> **PROBLEM DETAILS**: Reproduce the data exactly as given, except for any images.

> **EXTRACTED ENTRIES**:
========================================================================

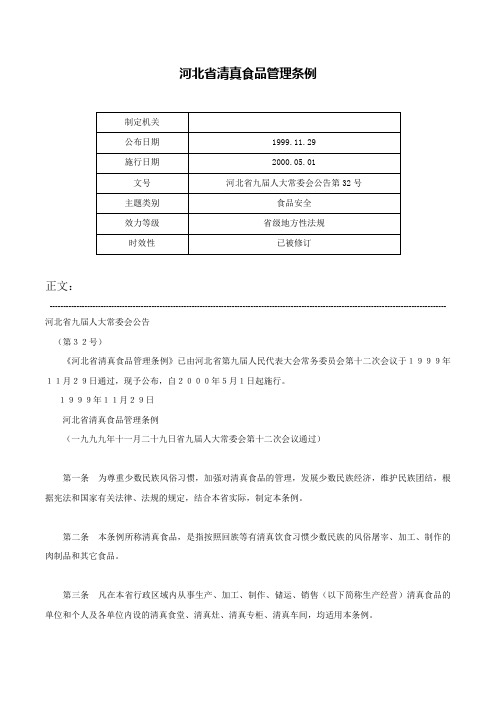 河北省清真食品管理条例-河北省九届人大常委会公告第32号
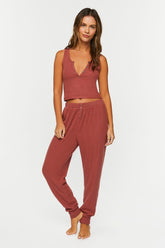 Forever 21 Women's Marled Pajama Pants Brick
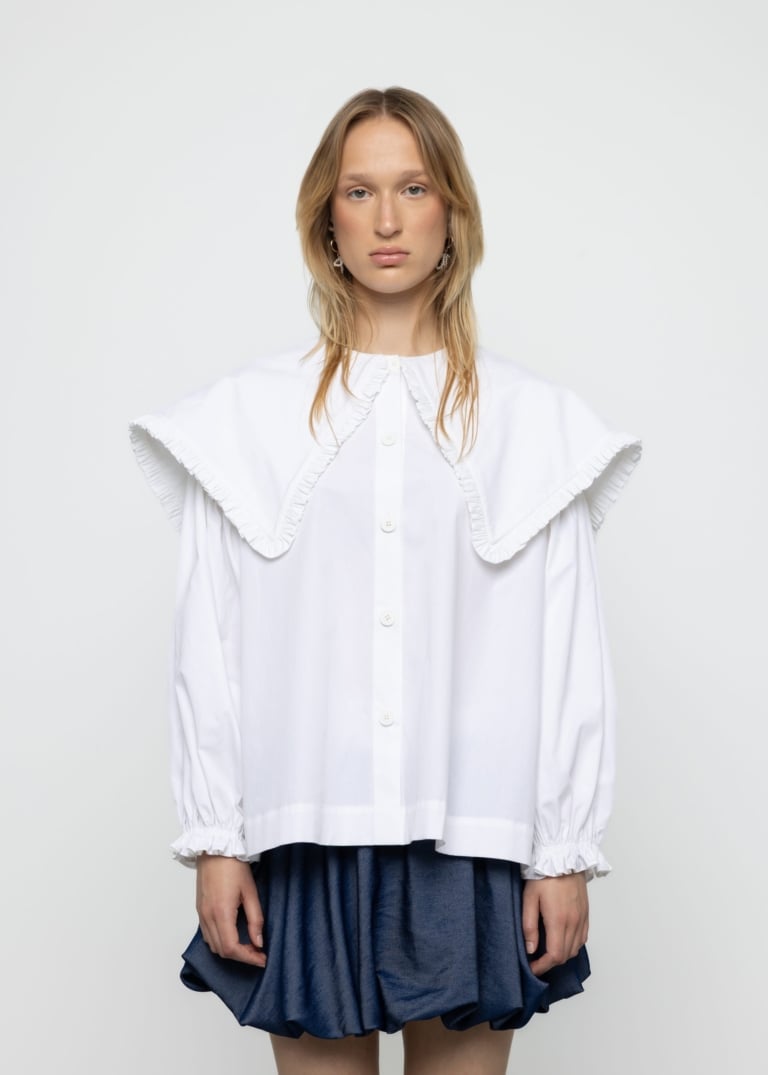 Ruffle Trim Oversized Sailor Shirt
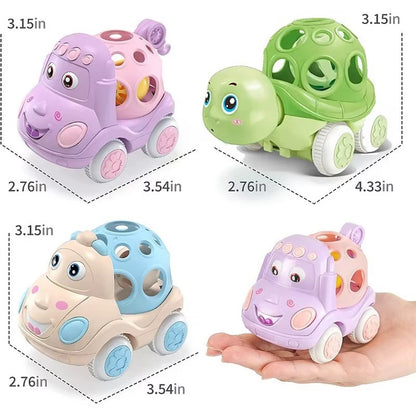 Baby Toy Car Rattle - Press & Go Friction Powered Truck, Soft Rolling Cars for Toddlers 1-3 Perfect Birthday Gift for Girls Boys
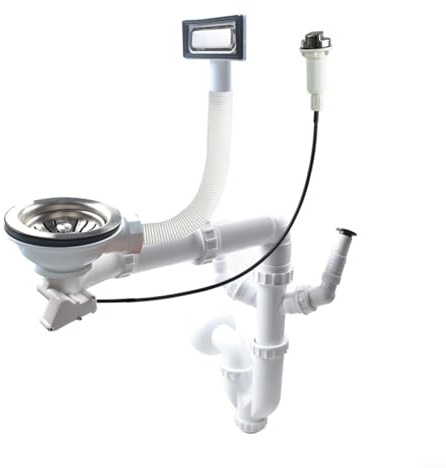 HomeVortex Système de vidange d'évier de cuisine 110 mm en acier inoxydable (SUS304+PP), évacuation arrière murale, compatible lave-vaisselle, double coude rotatif contrôle du débit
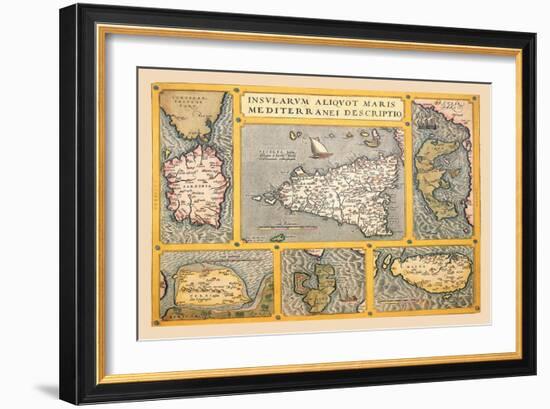 Maps of Italian Islands-Abraham Ortelius-Framed Art Print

========================================================================

> **TASK SOLUTION**:
 河北省清真食品管理条例-河北省九届人大常委会公告第32号
 Forever 21 Women's Marled Pajama Pants Brick
 Ruffle Trim Oversized Sailor Shirt
 Baby Toy Car Rattle - Press & Go Friction Powered Truck, Soft Rolling Cars for Toddlers 1-3 Perfect Birthday Gift for Girls Boys
 HomeVortex Système de vidange d'évier de cuisine 110 mm en acier inoxydable (SUS304+PP), évacuation arrière murale, compatible lave-vaisselle, double coude rotatif contrôle du débit
 Maps of Italian Islands-Abraham Ortelius-Framed Art Print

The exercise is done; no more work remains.